Green Days by Ramdeen
“Trinidad is my land
And of it I am proud and glad…”
~Mighty Sniper (Portrait of Trinidad)
You ever met one of those cool grandfathers who told stories? Well, I had the privilege of meeting Leisha’s grandfather.
From the start, Mr. Ramdeen, a bright-eyed 82 year-old flanked by his protective canine, Oily that never left his side was a man with a myriad of life experiences. These are some of his memories he shared with us, giving us a taste into how life was “back in the early days”.
The Caiman Attack
“A couple of weeks ago I was 82. A lot of people are surprised that I attained this age. I went through quite a lot— motorcar accident, major surgery. I used to hunt and fish a lot and once experienced a serious attack by a caiman in the swamp.”
Caiman you say?! Do caimans attack people?
Mr. Ramdeen nonchalantly responded, “Not usually. Unless they have a nest, then they are very protective.”
About ten of us went fishing with a casting net in the Nariva Swamp. In the dry season, the water level goes very shallow; about 6-8 feet deep. We blocked two sections in the river: up and down. We blocked how much we could handle because the whole river is covered in vines and grass. So you first have to clean it out then cast your net. The net got stuck and I went down into the water to untangle it. The caiman could have bitten me anywhere on my body. But luckily, it held on to my leg and lifted me completely out of the water. I grabbed something on the bank and came out. That’s when I saw the condition of my leg. That was the end of fishing that day!
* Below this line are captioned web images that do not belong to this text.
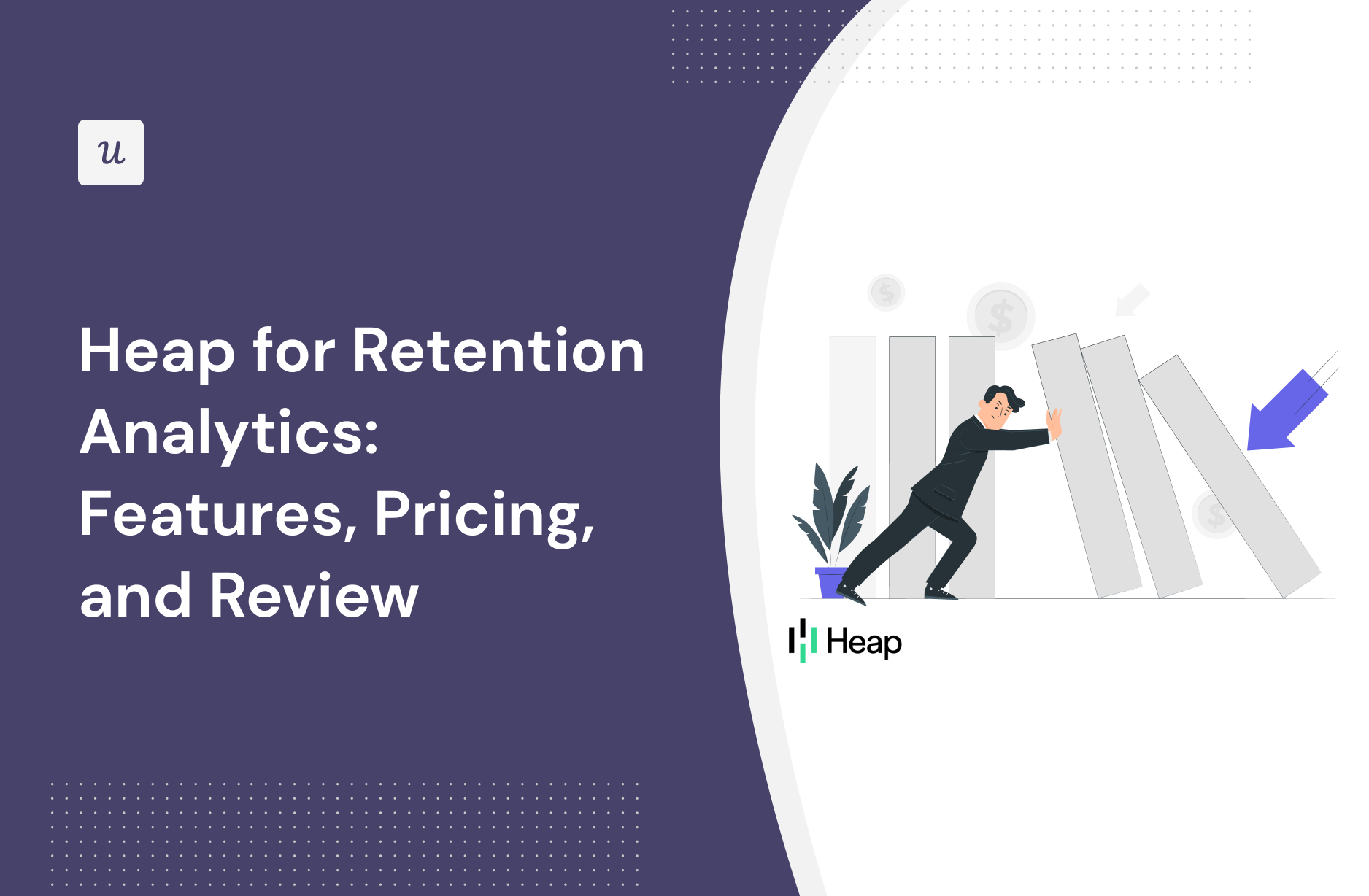 Heap for Retention Analytics: Features, Pricing, and Review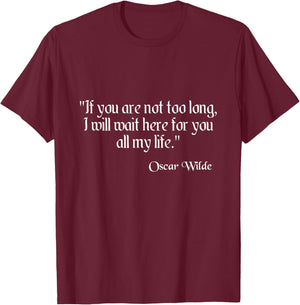 Oscar Wilde Shirt I Will Wait Here For You Quote T-Shirt - T-Shirt | Maroon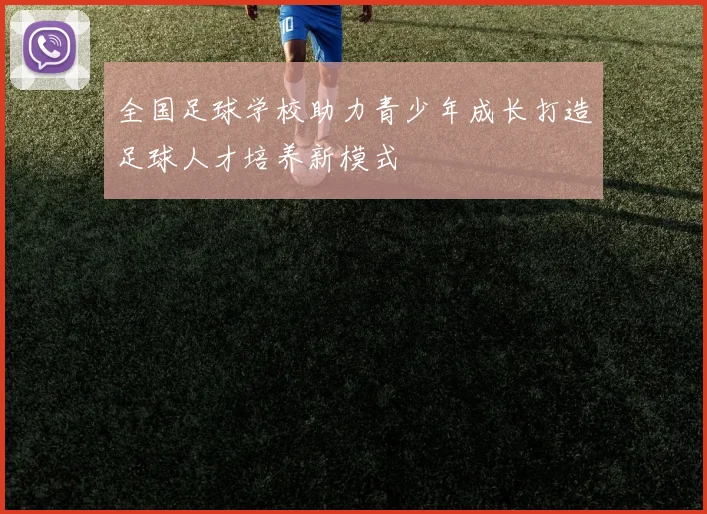 全国足球学校助力青少年成长打造足球人才培养新模式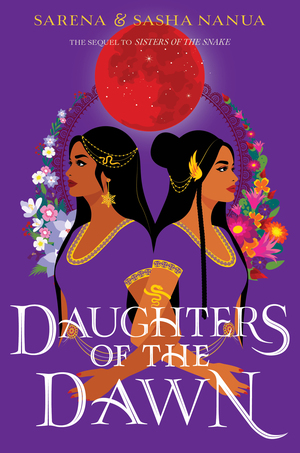 Daughters of the Dawn by Sasha Nanua, Sarena Nanua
I had to walk from the swamp out to where the car was. I went to the hospital and got 35 stitches. I almost lost the leg too. At one point in time the doctors wanted to amputate the leg because the infection was spreading. It wasn’t getting better. Then the consultant, I’ll never forget his name, Dr. Awong, who was a member of Parliament, eventually saw the leg. I don’t know if he increased the strength of the antibiotics for about a week, but the infection showed signs of receding, and that is how the leg was saved. But it has remained smaller than the other one. They took out part of the bone. It’s a bit shorter (laughs). I walk on the flat okay. Coming up the stairs is easier but going down …
Mr. Ramdeen is a trooper. If you think that was all his encounters with wildlife, guess again.
The Belgium Stone
I got bitten by snakes a couple of times, and I got stung by scorpions about 3 times. I never got sick or went to the hospital. My grandfather had a Belgium stone. It was always in a bottle with some cotton and a razor blade. If you get stung by a scorpion or bitten by a snake, you just gash the area slightly and put the stone. The stone will cling on like a leech.
I got stung on my belly by a scorpion. I put the stone on it, sat down and watched TV. After about half an hour the stone fell out. I didn’t even feel sick.
The Agouti Massacre
When I met Mr. Ramdeen, right away I could tell he was a dog lover.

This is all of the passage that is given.